* [WHAT YOU ARE ASKED TO DO]
Would you copy exactly the lines in the data below from the one that has "Invitación de cumpleaños para niña trendy" through the one that has "RIFLESSI IN LAGUNA", dropping any pictures?

* [DATA FOR ANALYSIS]
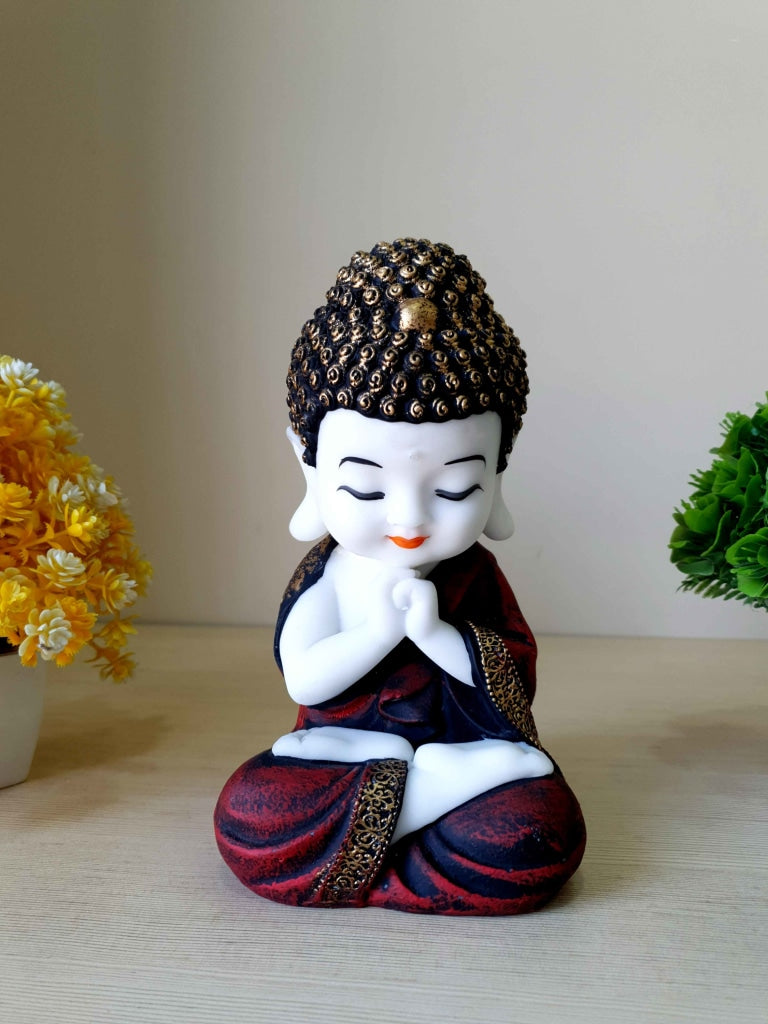 Baby Buddha Idol Statue Decorative Showpiece For Home And Office Decor- Funkydecors Maroon Figurines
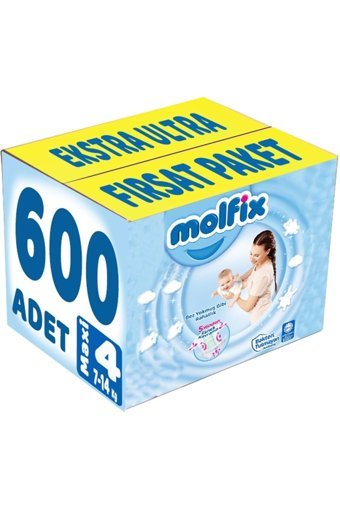 Molfix Maxi 4 Numara Cırtlı Bebek Bezi 600 Adet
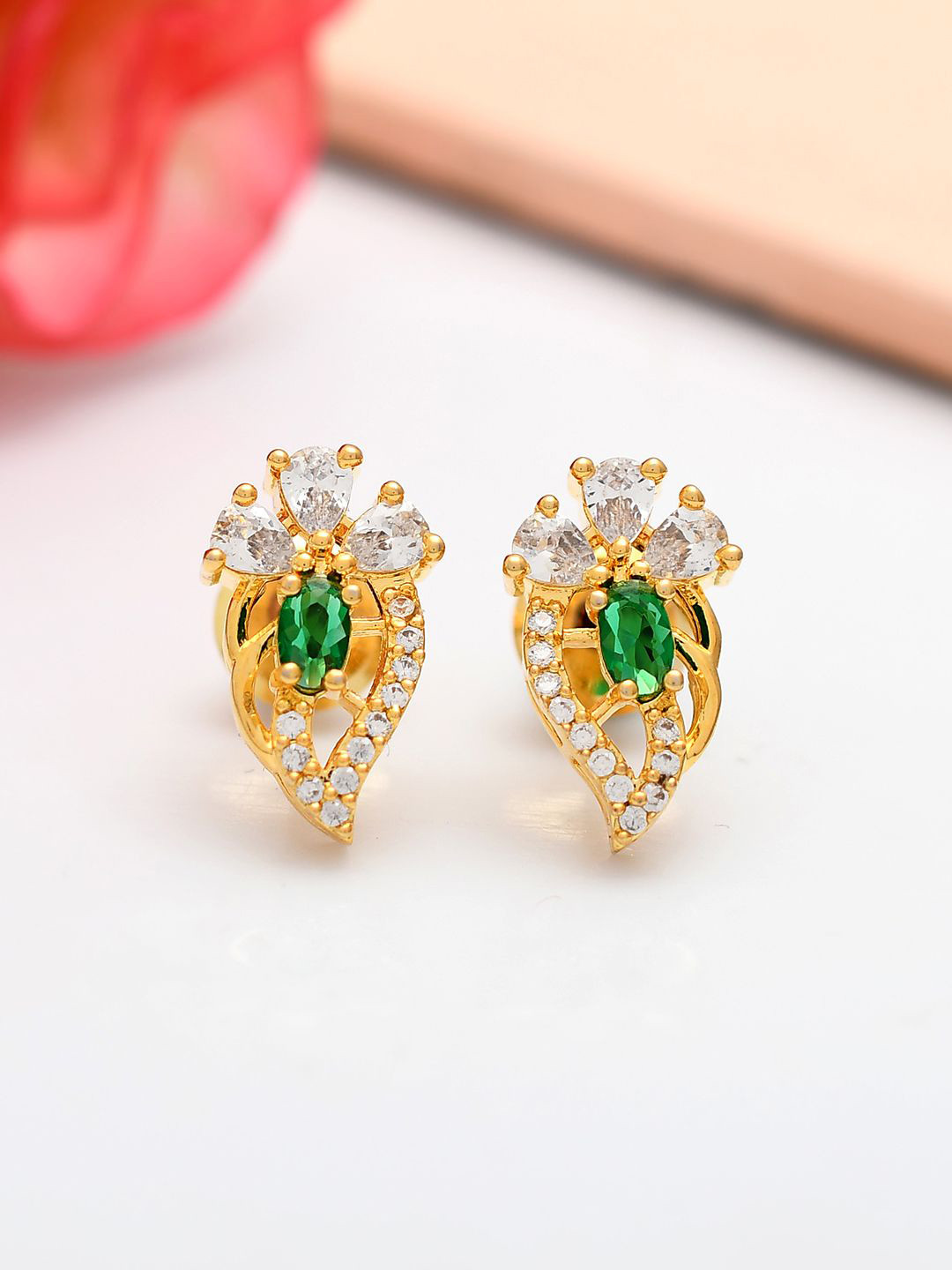 

Voylla Sparkling Elegance Radiant Gold Plated American Diamond Studs
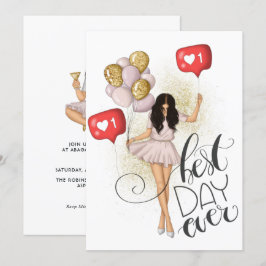 Invitación de cumpleaños para niña trendy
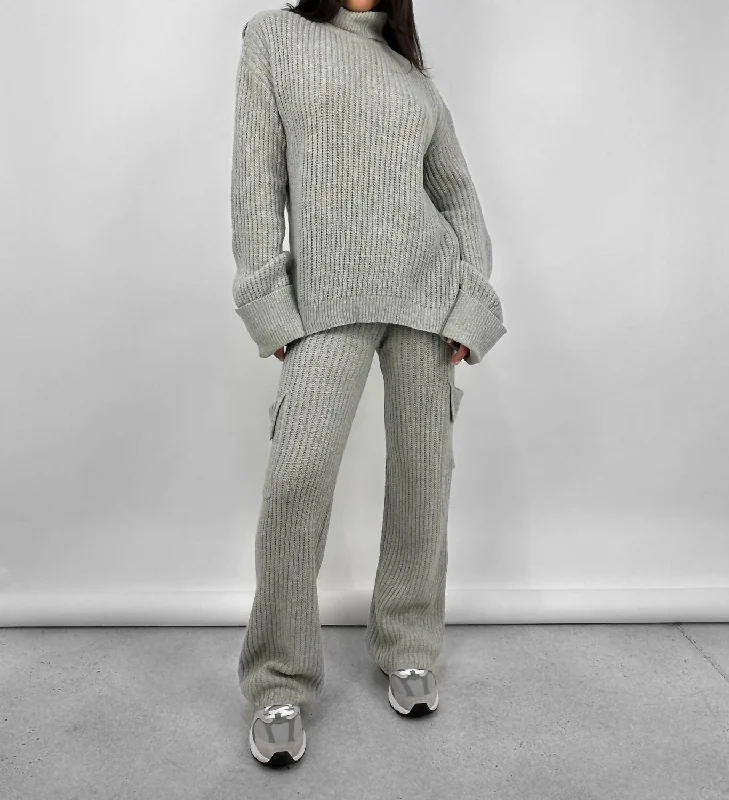 Knit Turtleneck & Cargo Pant Set In Grey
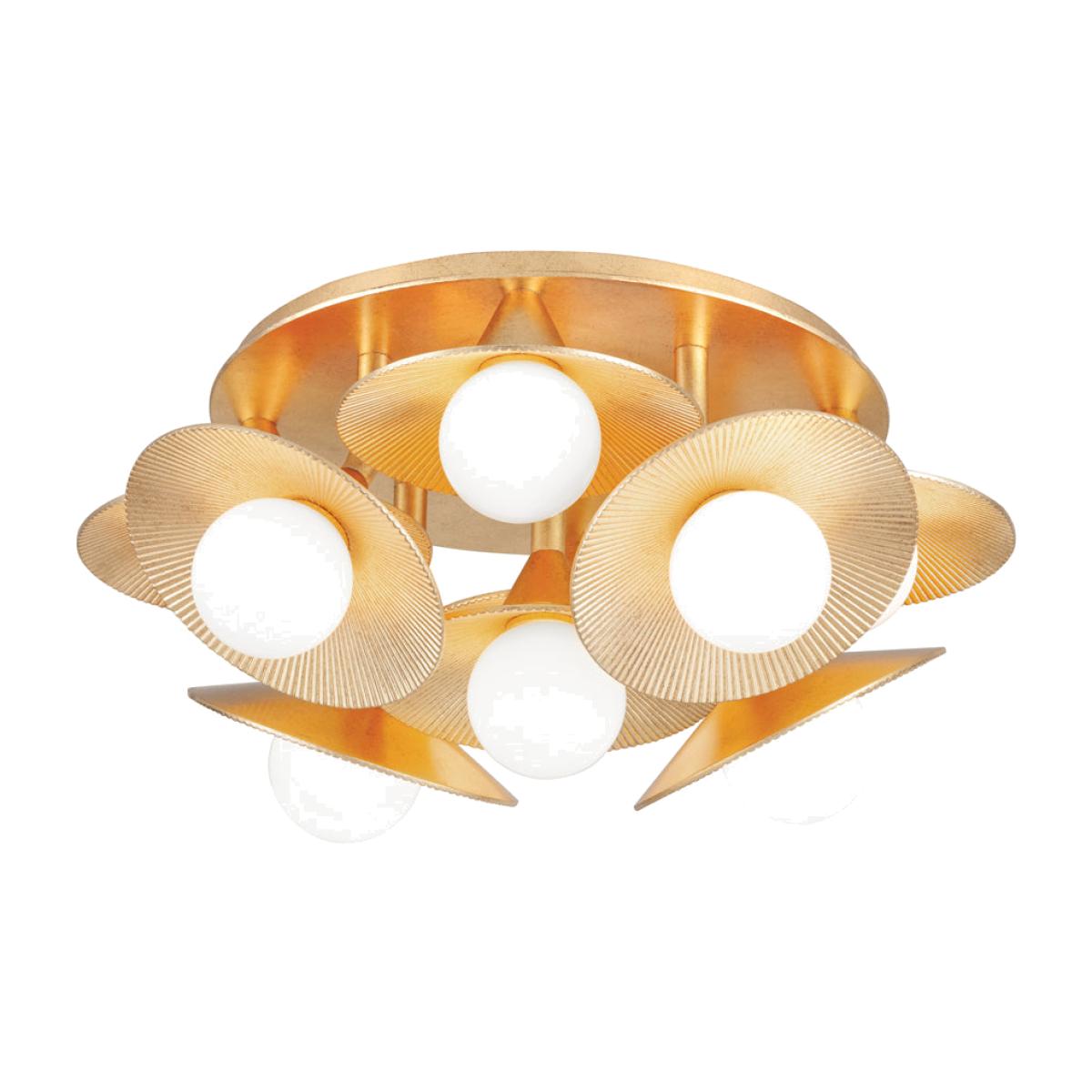 Hudson Valley Lighting 9 Light Semi Flush in Vintage Gold Leaf – image 1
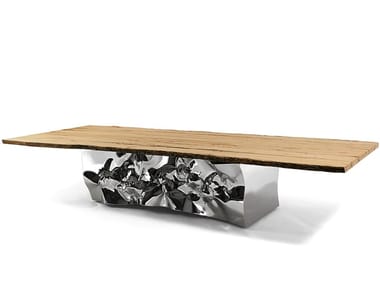 RIFLESSI IN LAGUNA - Rectangular table with briccola top and steel base by Riva 1920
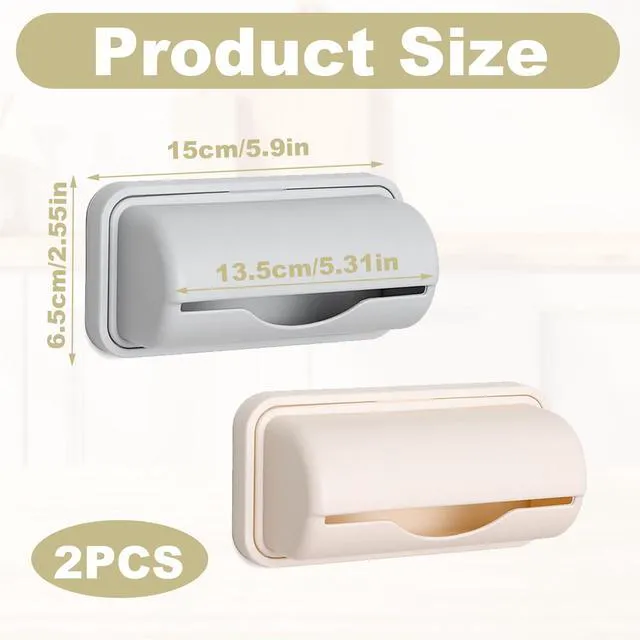 Alt view image 2 of 6 - Trash Bag Dispenser 2PCS Wall Mount | For Kitchen Bathroom Toilet Storage, Garbage Bag Holder with Self-Adhesive Mount, Space-Saving Design, Easy Refill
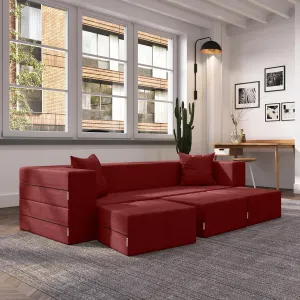 Jaxx Zipline Convertible Sleeper Sofa & Three Ottomans/California King-Size Bed, Textured Microvelvet - Berry Red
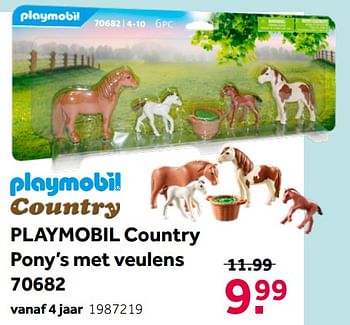 Aanbiedingen Playmobil country pony’s met veulens 70682 - Playmobil - Geldig van 02/10/2021 tot 05/12/2021 bij Intertoys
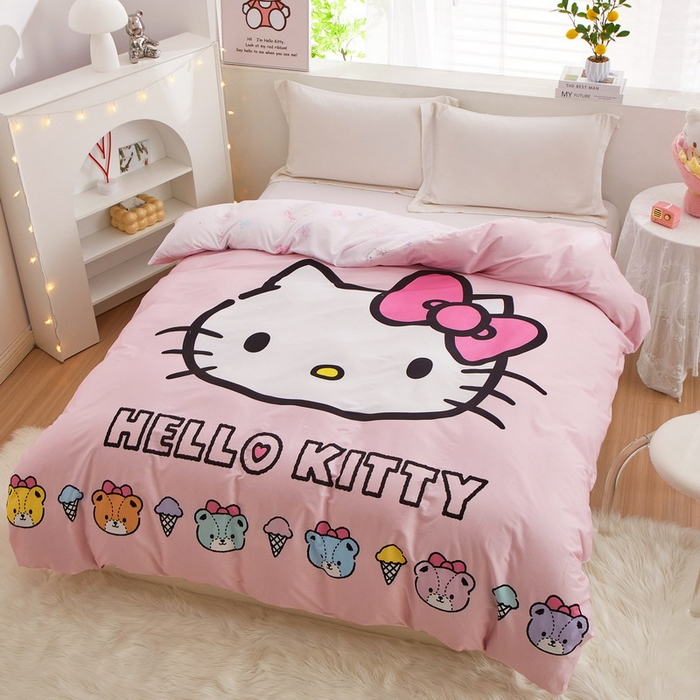 91家纺网 家纺一手货源 找家纺 蘭菲2023新款全棉印染三丽鸥全棉大版卡通四件套-被套 粉系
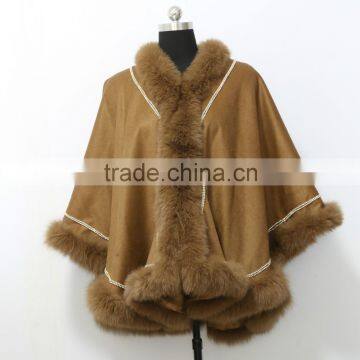 fashion cashmere cape with crystal fur trim for women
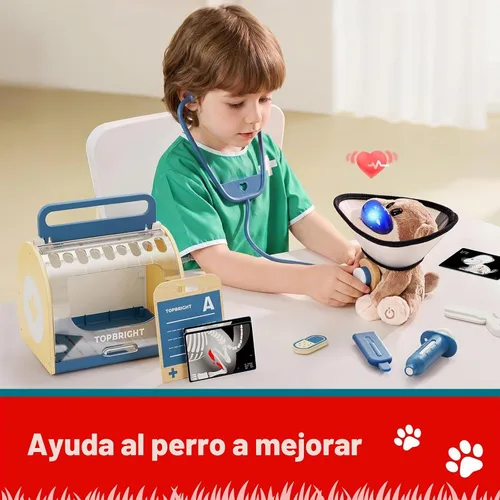 Vista 3 de TOP BRIGHT Kit médico para niños pequeños de 3 a 5 años, juego de Azul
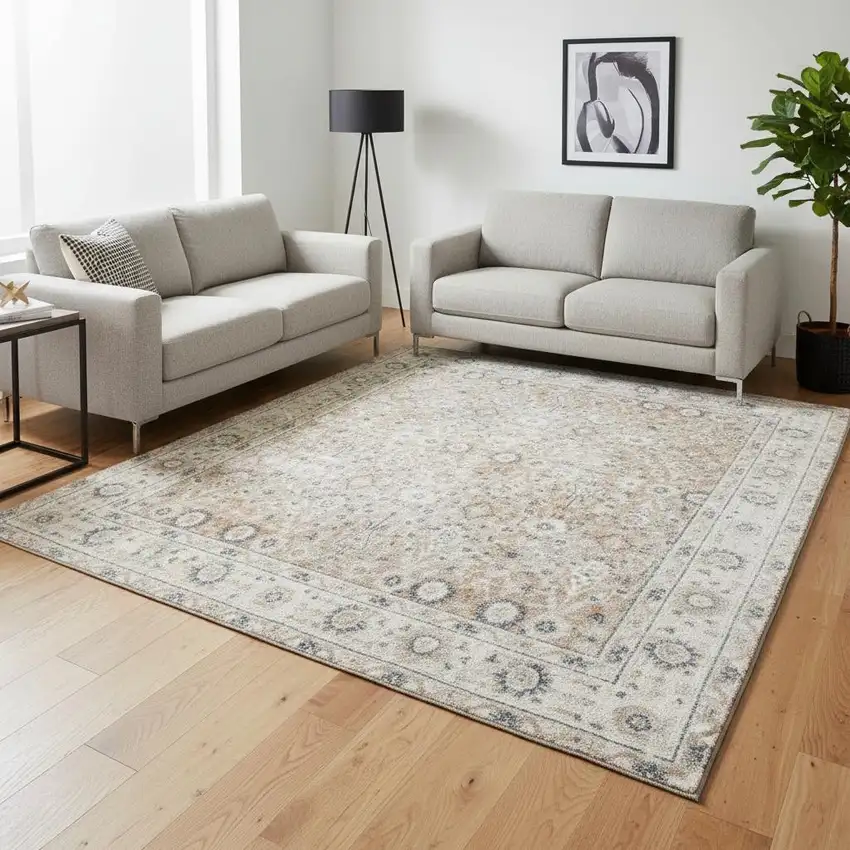 Tan Floral Distressed Area Rug Photo 1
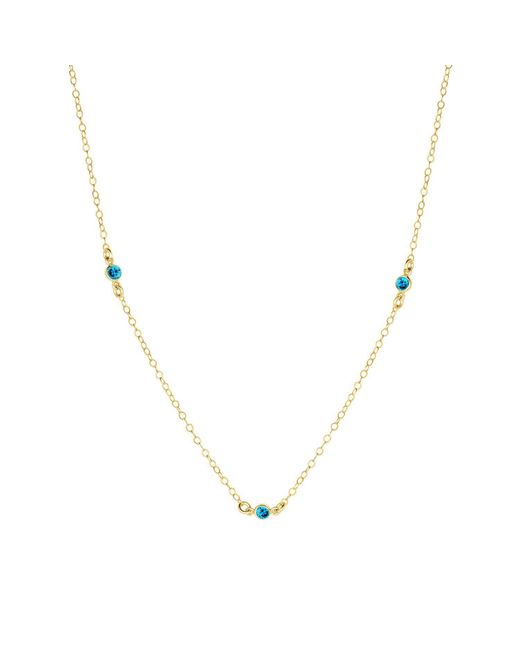 SET & STONES Metallic Birthstone Station Necklace- December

* [EXERCISE ANSWER]
 Invitación de cumpleaños para niña trendy
 Knit Turtleneck & Cargo Pant Set In Grey
 Hudson Valley Lighting 9 Light Semi Flush in Vintage Gold Leaf – image 1
 RIFLESSI IN LAGUNA - Rectangular table with briccola top and steel base by Riva 1920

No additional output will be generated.